Producent zapewnia, że naprawa usterki potrwa parę dni, ale brytyjska prasa upiera się przy tym, że pochłonie dodatkowe miliony funtów. Tak czy siak – tego typu wtopa nie powinna się zdarzyć.
7 grudnia rozpoczęły się próby morskie HMS Queen Elizabeth – nowego superlotniskowca brytyjskiej floty, największego okrętu jaki kiedykolwiek posiadała Royal Navy. Ma 280 metrów długości i ustępuje rozmiarami tylko amerykańskim lotniskowcom klasy Nimitz.
Budowa HMS Qeen Elizabeth pochłonęła ponad 3 miliardy funtów, tymczasem okazało się, że… okręt przecieka! Przez źle uszczelnioną śrubę napędową do wnętrza dostaje się 200 litrów wody na godzinę. Próby morskie zakończyły się zanim na dobre się zaczęły i okręt wrócił do stoczni.

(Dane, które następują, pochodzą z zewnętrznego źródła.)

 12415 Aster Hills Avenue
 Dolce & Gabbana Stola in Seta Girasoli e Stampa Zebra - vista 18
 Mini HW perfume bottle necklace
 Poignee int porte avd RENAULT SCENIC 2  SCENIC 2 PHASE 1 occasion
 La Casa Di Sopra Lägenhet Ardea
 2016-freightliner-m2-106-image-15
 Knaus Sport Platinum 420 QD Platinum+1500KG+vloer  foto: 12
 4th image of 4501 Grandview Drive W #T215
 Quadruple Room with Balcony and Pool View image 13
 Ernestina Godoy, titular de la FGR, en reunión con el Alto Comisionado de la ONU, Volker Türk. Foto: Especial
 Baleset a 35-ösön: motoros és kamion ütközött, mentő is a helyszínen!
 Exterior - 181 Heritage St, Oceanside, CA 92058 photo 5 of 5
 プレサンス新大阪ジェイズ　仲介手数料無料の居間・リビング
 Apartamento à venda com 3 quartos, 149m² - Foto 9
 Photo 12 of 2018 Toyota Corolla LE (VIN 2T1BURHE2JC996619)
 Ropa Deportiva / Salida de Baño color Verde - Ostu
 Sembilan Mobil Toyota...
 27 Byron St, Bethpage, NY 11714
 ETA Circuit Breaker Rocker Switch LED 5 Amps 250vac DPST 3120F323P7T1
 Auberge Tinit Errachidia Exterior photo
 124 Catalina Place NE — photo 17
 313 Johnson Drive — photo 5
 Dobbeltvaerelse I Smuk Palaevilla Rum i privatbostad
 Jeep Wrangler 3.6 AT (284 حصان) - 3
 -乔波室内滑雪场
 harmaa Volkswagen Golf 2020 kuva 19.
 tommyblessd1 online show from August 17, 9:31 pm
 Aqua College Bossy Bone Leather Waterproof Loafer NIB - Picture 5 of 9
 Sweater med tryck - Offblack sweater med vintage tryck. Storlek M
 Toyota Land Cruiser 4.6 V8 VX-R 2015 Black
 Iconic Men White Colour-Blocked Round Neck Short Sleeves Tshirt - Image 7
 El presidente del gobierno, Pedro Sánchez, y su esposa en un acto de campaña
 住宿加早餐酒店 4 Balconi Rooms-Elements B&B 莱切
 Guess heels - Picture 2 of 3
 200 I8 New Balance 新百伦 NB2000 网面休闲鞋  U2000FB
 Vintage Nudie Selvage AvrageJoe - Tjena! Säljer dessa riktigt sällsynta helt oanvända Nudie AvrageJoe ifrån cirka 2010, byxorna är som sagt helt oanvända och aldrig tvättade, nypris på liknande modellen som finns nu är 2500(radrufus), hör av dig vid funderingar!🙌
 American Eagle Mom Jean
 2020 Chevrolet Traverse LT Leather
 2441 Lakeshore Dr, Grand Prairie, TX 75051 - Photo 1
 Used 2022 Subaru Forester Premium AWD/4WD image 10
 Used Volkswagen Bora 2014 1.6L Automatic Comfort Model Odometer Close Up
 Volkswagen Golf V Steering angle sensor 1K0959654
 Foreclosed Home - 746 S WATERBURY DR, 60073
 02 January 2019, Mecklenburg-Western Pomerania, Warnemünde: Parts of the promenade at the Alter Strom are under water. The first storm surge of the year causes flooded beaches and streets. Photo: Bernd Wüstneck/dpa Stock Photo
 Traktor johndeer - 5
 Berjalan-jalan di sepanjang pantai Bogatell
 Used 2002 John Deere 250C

Przedstawiciele marynarki jak i konsorcjum budujące lotniskowiec twierdzą, że nic poważnego się nie stało i usterka szybko i łatwo może być naprawiona. Oraz że próby morskie właśnie po to są aby tego typu wady wykryć – tu nie sposób się nie zgodzić. Tylko czy w okręcie budowanym od 8 lat za tak horrendalne pieniądze miało prawo wydarzyć się coś takiego?
W przyszłym roku rozpocznie się kolejna tura prób morskich HMS Queen Elizabeth. Wkrótce takowe próby powinien zacząć także bliźniaczy okręt Prince of Wales. Oby w jego wypadku uniknięto takiej wpadki, bo duma Royal Navy ucierpi jeszcze bardziej!